Nearly two decades as a pianist and composer, Jamal Yousuf discusses his musical career

By Shazia Tasneem |
PUBLISHED November 07, 2021

Jamal Yousuf was fully immersed as he played the short and romantic composition of Frédéric Chopin’s Nocturne. From his fingers on the keys, a powerful stream released over the room where he normally spends hours playing the piano daily.

When he stopped, I realised that so powerful is the effect of music that with no words at all, it can bring one to tears.

Jamal Yousuf is a musician who experiments with music through fundamentals of his instruments and has created a signature collection. From there, he dived deep into the avant-garde of his own, where Jamal is testing new ideas and methods in the art of music.

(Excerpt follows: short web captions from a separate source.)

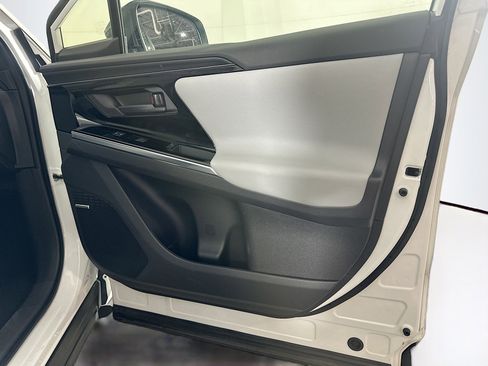 Used 2023 Subaru Solterra AWD image 31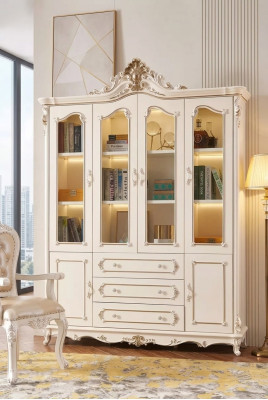 Étagère blanche pour le salon. Meubles classiques de luxe, nouveaux meubles.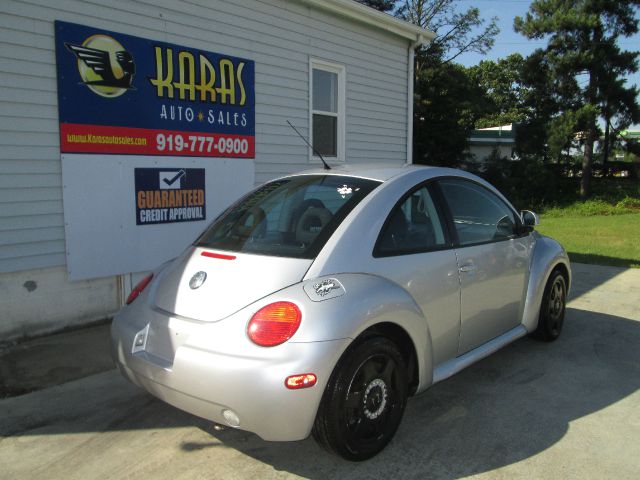 2000 Volkswagen New Beetle S Sedan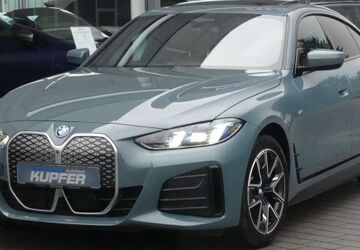 BMW i4 17.060 km 49.700 &euro; Vaihingen / Enz 71665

Jamal is a music graduate, trained western classical pianist, saxophonist and a music educationist from Karachi Pakistan, who has been spreading the love of music through teaching and performing for the last two decades.

Jamal’s journey as a pianist was the polar opposite of the conventional path. He taught himself to play piano before starting lessons. At the same time, he was experimenting with the saxophone.

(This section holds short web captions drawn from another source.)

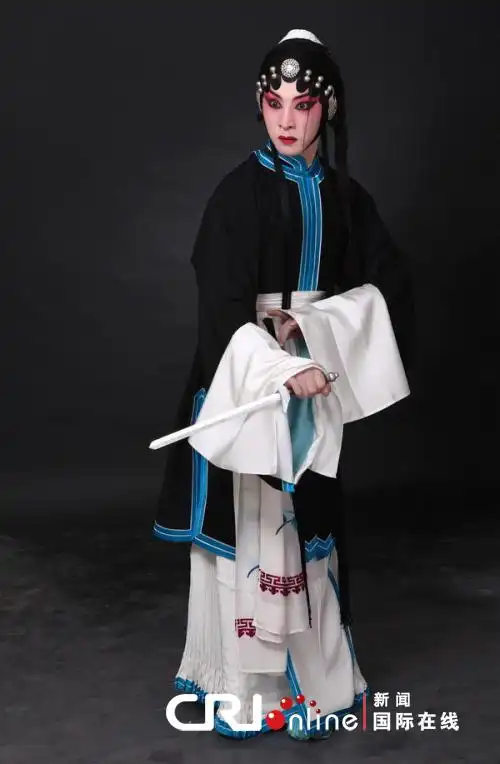 阳刚化作绕指柔:京剧男旦杨磊(图)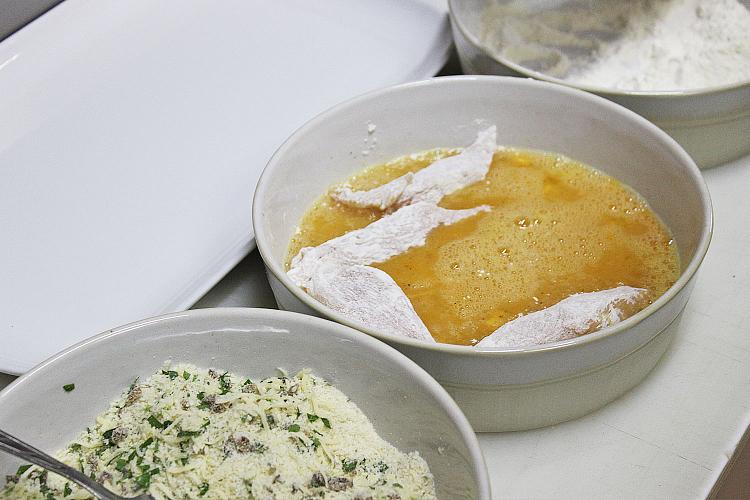 Куриное филе в чесночно-сырной панировке: быстрый и простой рецепт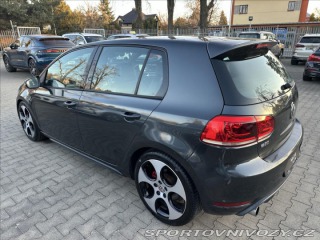Volkswagen Golf GTI DSG 2010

Having played and worked with many influential national and international artists and bands Jamal has composed, arranged, conducted and played and sung a lot of original music for kids, theater, and ghazals and solos on piano.

Music is at the heart of Jamal’s life, but he also has an interest in choreography.

“Piano music fascinates me ever since my brother bought Elton John’s Greatest Hits on CD!”, said Jamal.

Curious to learn the fun a pianistic exercise with his instrument and how he demonstrates it on the piano, I managed a session with Jamal Yousuf and tried to understand his relationship with music and how he structures chord in his compositions.

STF: How would you describe your journey through this musical world?


JY: Initially, I was sort of doing my own thing. I played only the stuff I liked. Then I started to realise that the notes and dynamics weren't the only important things. What really transforms the music on a page to actual music was the performer's personal touch. I wanted my ideas and my feelings to come through. This is something I will never stop trying to achieve.

STF: Do you have any academic degree or training in music?

JY: I had a keen interest in music from my childhood. While studying, I did some choir (chorus) performances with piano and full orchestra. I graduated from National Academy of Performing Arts (NAPA) in music. I also studied music at Sarah and Earnest Butler School of music in Austin at Texas, USA and Dave School of Music, Karachi and got certified from Dawn Elementary College, Karachi as a teacher, besides doing masters from the University of Karachi.

STF: Who is your favorite Western classical composer and which composition of him you like most?

JY: Though there are many great composers like J.S Bach, Ludwig Van Beethoven, Amadeus Mozart, but I am really inspired by Fredric Chopin, who is considered as one of the best composers from romantic era. Though I love most of his work, my favorite pieces are Nocturne in E flat scale and Valse or Waltz I follow these two compositions and have composed too. Here I would like to mention there are two terms in the system of musical notation, flat and sharp. Flat is low pitched scale while sharp refers to high pitch.

STF: What are your other interests?

JY: I have a keen interest in choreography. I often perform for children and have devised ways to engage children through music and promote unity and love in the society. Dance has a meaningful influence in theater. It is not a new method. The purpose of introducing dance is to express emotions and communicate physically. Choreography is all about emotions in motion and I am happy to learn the art.

STF: How many memorable performances have you done?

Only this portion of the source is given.